In 1987, Burkert published Ancient Mystery Cults (Cambridge, Mass.), until now the most accessible book-length discussion of the topic in English. His text, in four chapters that originated as a series of lectures, attempted, in his own words, “a comparative phenomenology of ancient mysteries” (Burkert 1987 [4]) by identifying commonalities among five mystery cults that he treats synchronically: Eleusinian Demeter, Isis, Dionysos, Meter, and Mithras. Useful and enlightening though it is, Burkert’s book is not, nor was it intended to be, a systematic survey of the topic. Bowden’s book begins to fill this gap admirably.

Students and generalist readers, as well as classicists looking for basic information on mystery cults, will find much useful information here. The strengths of Bowden’s book are many: clear organization and lucid, engaging prose; numerous high-quality photographs, plans, and drawings, including glossy color plates; judicious analysis of the limits and challenges of the evidence, both material and textual; and discussion and bibliography well seeded with recent evidence and publications in addition to many of the standard references. Moreover, Bowden treats many more cults than did Burkert.

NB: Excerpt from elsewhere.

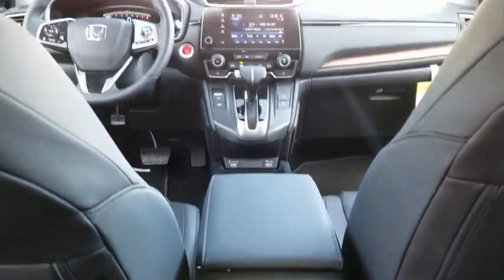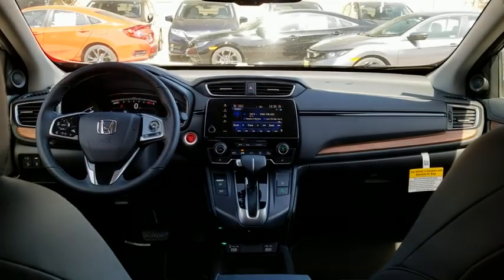Take this vehicle for a spin and see why so many shoppers are now proud owners.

Bowden arranges the material largely by cult: there are substantial chapters on each of the five major cults discussed by Burkert: “Eleusinian Mysteries” (ch. 1), “Mother of the Gods” (ch. 4), “Dionysus” (ch. 5), “Isis” (ch. 8), and “Mithras” (ch. 9). There are also chapters dedicated to the mysteries of the Great Gods at Samothrace and the Kabeiroi in Boeotia and on Lemnos (ch. 2); initiatory cults at Adania, Messenia, and Arcadia, as well as in Asia Minor, Italy, and Sicily (ch. 3); private, itinerant initiators (ch. 6); and gold tablets from graves in Italy and Greece that traditionally have been associated with Orphic rites, although Bowden questions this association (ch. 7). Bowden treats the cults for which we have the earliest Graeco-Roman evidence first, and he is careful to point out just how late the evidence is for mysteries of Isis and Mithras in Greece and Rome.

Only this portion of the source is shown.